In Richard Linklater’s 1995 film Before Sunrise, Jesse (Ethan Hawke), a 23-year-old American man and Celine (Julie Delpy), a 23-year-old French woman, meet on a train passing through Vienna. They talk. In fact, they get off at Vienna and spend the entire night talking. One of their topics of conversation involves a story Jesse tells Celine from his youth about seeing the ghost of his dead grandmother. He didn’t care that no one believed him because he knew what he saw. He was glad and he was grateful. In Richard Linklater’s 2004 film Before Sunset, the two rekindle after 9 years. This time, they have a single, unbroken 80 minute conversation as they wander through Paris. Both films end on ambiguous notes and are clearly influenced by French New Wave films of the 60s and early 70s, particularly the works of Eric Rohmer.

Something else I am uninterested in is how Richard Linklater, Ethan Hawke and Julie Delpy make movies. Their magic is their business. But I imagine the process is like sculpture. A block of beauty is whittled and carved until only what is essential remains. However, the reason why they make these movies is obvious and never has it been more apparent than in the latest edition, 9 years later again. Where most filmmakers are motivated by indulgence, these three are motivated by generosity; generosity toward both the characters and the audience. This is an even rarer and more beautiful trait.

Before Midnight is a perfect movie. It is not the most original or most unique or most dramatic or most hilarious or most joyous. It’s not the most anything, really. But it is perfect because only what is essential is there. The same way Tokyo Story (1953) or Yi Yi (2000) or Sweet Smell of Success (1957) is perfect; not a line or a frame should be added or edited. One feels scenes pass through one’s body, like phrases of music, and nothing diverts one from seeing and hearing and feeling exactly what is intended. It is rich, gorgeous, intense, funny and a breathtaking experience for the mainstream moviegoer to have in 2013. It is a brilliant – brilliant! – film and the best of the trilogy.

The film presents itself in five uncategorized parts. Celine and Jesse have spent the last 9 years since the second film together as a couple. They live in Paris and have born a pair of twin girls. But when we meet them they are on holiday in Crete, Greece. The first section involves Jesse escorting his son (from a previous marriage) at the airport to fly back to America. Section 2 is a long, uninterrupted, Kiarostami-esque take of Jesse and Celine in a car. Section 3 in an indulgent, Socratic dinner with three other Greek couples. One couple is married, one are old friends and one is a pair of young lovers. The fourth section is the most like the previous films: Jesse and Celine walk and talk, this time through Cretan streets.

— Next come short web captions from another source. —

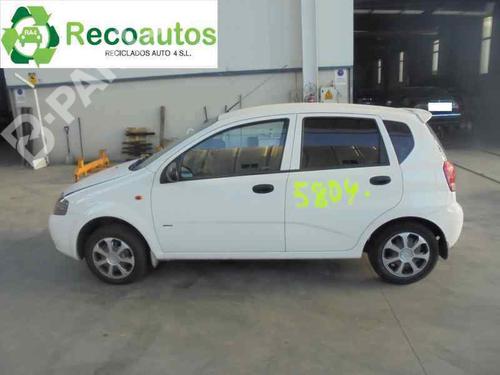 DAEWOO KALOS (KLAS)  1.4  177487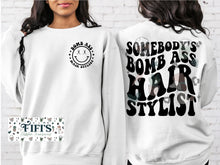 Load image into Gallery viewer, Hair Stylist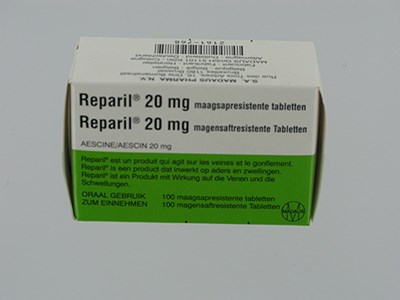 REPARIL COMP GASTRORESIST 100 X 20 MG REPARIL COMP GASTRORESIST 100 X 20 MG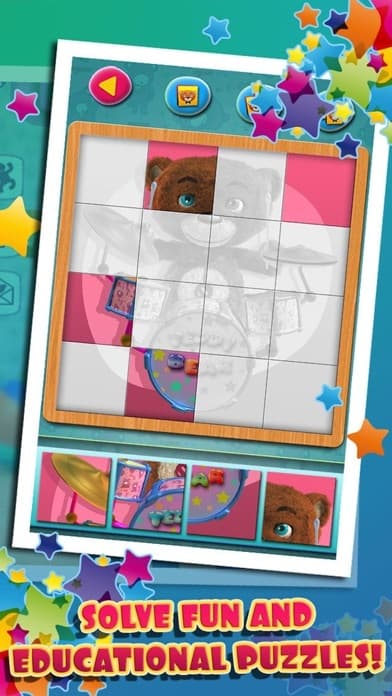 Talking Teddy Bear Premium screenshot 2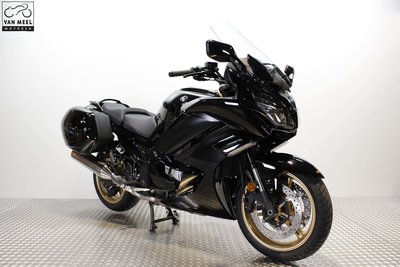 YAMAHA FJR1300AS Ultimate Edition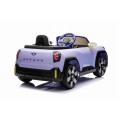 Pojazd Mini Concept Aceman Fioletowy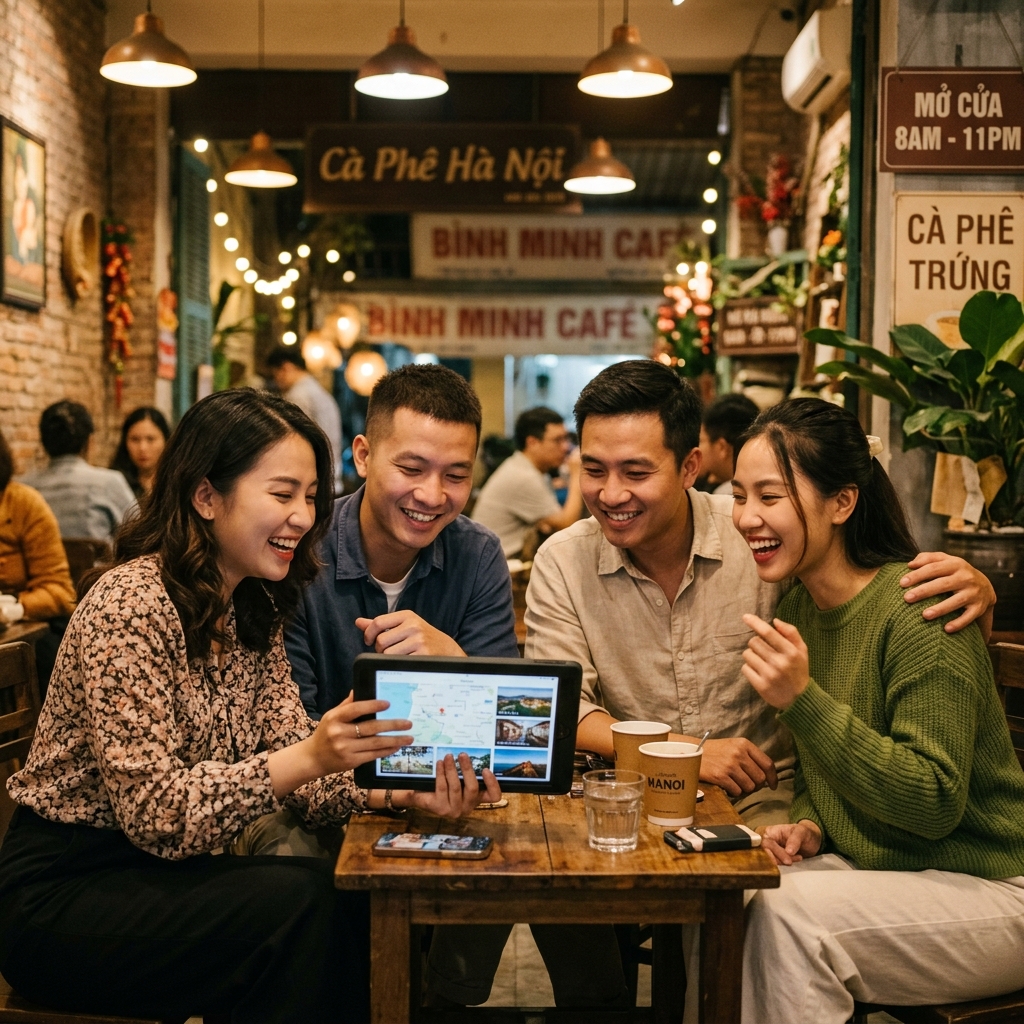 Sạp Báo đồng hành cùng hàng triệu độc giả trẻ: Điểm hẹn văn hóa và giải trí hàng đầu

The final section takes place in a hotel that was booked for them as a gift by one of the couples. These five sections are loosely connected with tissue scenes of talk and touring.

Funnily, this time round, the film I was most reminded of was Jean-Luc Godard’s Contempt (1963). See them both and you’ll know why. As we weave in and out of these conversations, philosophical queries are explored. Is a couple one entity or two separate existences? Does love mean changing one’s life to suit the other? If one is calm and rational does that make one correct? Is antagonism unsupportive? If you are looking for these questions to be answered, look elsewhere. The splendour of Before Midnight – or any of the three films – is in witnessing the journey not the destination.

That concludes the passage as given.